August wrote:Gerenuk wrote:
I'd highly appreciate real, short examples in this thread. I hardly know enough Lisp to make up my own, but I can guess what example code means. Can you write out an example, which cannot easily be replicated with Python?
I'm learning Lisp at the moment and use Python fairly regularly but am certainly not an expert. This question is for my own edification as much as anything. Before Python introduced the "with" statement in 2.5, could you have implemented "with" yourself with the same level of integration into the language?
Code: Select all
with open("hello.txt") as f:
for line in f:
---arbitrary code in here----
print line
In Lisp, this kind of thing is easy.
This is a really important point, and it's one that is easily lost. There is something bigger at work here than just macros (said in an awesome voice).
Lisp, you see, is self-contained and very, very, very evolvable in ways that other languages aren't. The "core" of Lisp, it's special forms, is insanely small. The rules for interpreting Lisp code fit in a few lines (I actually have a coffee cup with the original McCarthy interpreter printed on its side). Everything else is essentially a library routine or macro on top of that core. A full-featured Lisp, like Common Lisp, has slightly more infrastructure, but even that is built on that insanely small core.
Essentially, a Common Lisp implementation works by translating ASCII program text into data structures (sexprs). That step is customizable and a programmer can, using reader macros, change the way the Lisp READ function creates the data structures. This potentially allows you great freedom in customizing the surface syntax that Lisp offers. In practice, most people don't go that far and find that the basic sexpr syntax works just fine. Then, just before the interpreter or compiler gets a crack at the sexpr, it is subject to macro expansion (standard macros, symbol macros, etc.) that again allows potentially radical transformation of the code. Finally, the code gets interpreted/compiled/executed.

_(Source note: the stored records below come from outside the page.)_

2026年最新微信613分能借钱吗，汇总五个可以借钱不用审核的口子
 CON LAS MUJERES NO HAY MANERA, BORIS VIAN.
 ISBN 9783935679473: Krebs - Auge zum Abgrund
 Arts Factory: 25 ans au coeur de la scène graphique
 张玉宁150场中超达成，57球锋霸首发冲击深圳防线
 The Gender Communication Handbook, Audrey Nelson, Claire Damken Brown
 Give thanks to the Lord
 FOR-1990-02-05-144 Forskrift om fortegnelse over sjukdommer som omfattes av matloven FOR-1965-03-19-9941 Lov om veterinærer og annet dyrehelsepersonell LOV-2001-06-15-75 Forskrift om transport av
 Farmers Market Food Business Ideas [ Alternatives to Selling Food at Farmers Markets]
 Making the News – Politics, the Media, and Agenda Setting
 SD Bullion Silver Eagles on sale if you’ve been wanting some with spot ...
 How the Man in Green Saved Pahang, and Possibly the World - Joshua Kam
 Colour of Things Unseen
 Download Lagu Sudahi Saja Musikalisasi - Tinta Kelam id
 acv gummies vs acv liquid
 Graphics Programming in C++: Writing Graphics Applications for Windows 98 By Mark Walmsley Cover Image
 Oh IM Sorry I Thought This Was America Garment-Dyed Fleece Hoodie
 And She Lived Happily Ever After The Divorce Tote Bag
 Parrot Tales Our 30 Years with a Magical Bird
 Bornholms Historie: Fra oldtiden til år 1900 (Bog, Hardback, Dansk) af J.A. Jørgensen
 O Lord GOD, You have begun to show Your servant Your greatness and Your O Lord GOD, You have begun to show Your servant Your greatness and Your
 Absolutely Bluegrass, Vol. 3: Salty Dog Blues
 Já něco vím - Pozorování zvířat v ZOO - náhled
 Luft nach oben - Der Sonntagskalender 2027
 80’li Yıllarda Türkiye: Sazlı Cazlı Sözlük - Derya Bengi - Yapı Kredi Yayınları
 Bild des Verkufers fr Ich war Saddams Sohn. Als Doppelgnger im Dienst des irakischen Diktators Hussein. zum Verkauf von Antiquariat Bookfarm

It's the small, almost trivially simple core, couple with a flexible set of processing steps that allow radical transformation of the data structures that represent the program code that makes Lisp so flexible. And, of course, since these data structures can be constructed on the fly (code is data is code) it's very easy to write code that writes code.
To me, those things are what Lisp has that no other programming language can really match. The only other language in the same league is Forth. If you look at Lisp and barf because of the parenthesis, then you simply don't get it (yet). I know that I didn't get it for a long time, either. But once you understand it, you never look at another programming language the same. I should also point out that if you look at Forth and just see RPN, you also don't get it.